Source material:
----

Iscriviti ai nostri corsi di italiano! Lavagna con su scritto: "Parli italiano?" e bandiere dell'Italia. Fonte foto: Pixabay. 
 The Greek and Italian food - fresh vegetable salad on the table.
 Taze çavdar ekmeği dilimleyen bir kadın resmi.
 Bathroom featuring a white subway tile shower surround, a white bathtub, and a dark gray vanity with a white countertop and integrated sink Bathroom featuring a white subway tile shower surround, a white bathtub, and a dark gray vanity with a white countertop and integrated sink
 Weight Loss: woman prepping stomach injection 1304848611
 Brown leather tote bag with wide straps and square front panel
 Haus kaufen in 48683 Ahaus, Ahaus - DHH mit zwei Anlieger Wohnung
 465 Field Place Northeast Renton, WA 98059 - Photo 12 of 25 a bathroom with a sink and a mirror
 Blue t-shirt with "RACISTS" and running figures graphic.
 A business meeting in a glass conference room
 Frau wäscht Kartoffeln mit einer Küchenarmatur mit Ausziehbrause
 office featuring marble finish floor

----

Print every line of the listing exactly.

Iscriviti ai nostri corsi di italiano! Lavagna con su scritto: "Parli italiano?" e bandiere dell'Italia. Fonte foto: Pixabay. 
 The Greek and Italian food - fresh vegetable salad on the table.
 Taze çavdar ekmeği dilimleyen bir kadın resmi.
 Bathroom featuring a white subway tile shower surround, a white bathtub, and a dark gray vanity with a white countertop and integrated sink Bathroom featuring a white subway tile shower surround, a white bathtub, and a dark gray vanity with a white countertop and integrated sink
 Weight Loss: woman prepping stomach injection 1304848611
 Brown leather tote bag with wide straps and square front panel
 Haus kaufen in 48683 Ahaus, Ahaus - DHH mit zwei Anlieger Wohnung
 465 Field Place Northeast Renton, WA 98059 - Photo 12 of 25 a bathroom with a sink and a mirror
 Blue t-shirt with "RACISTS" and running figures graphic.
 A business meeting in a glass conference room
 Frau wäscht Kartoffeln mit einer Küchenarmatur mit Ausziehbrause
 office featuring marble finish floor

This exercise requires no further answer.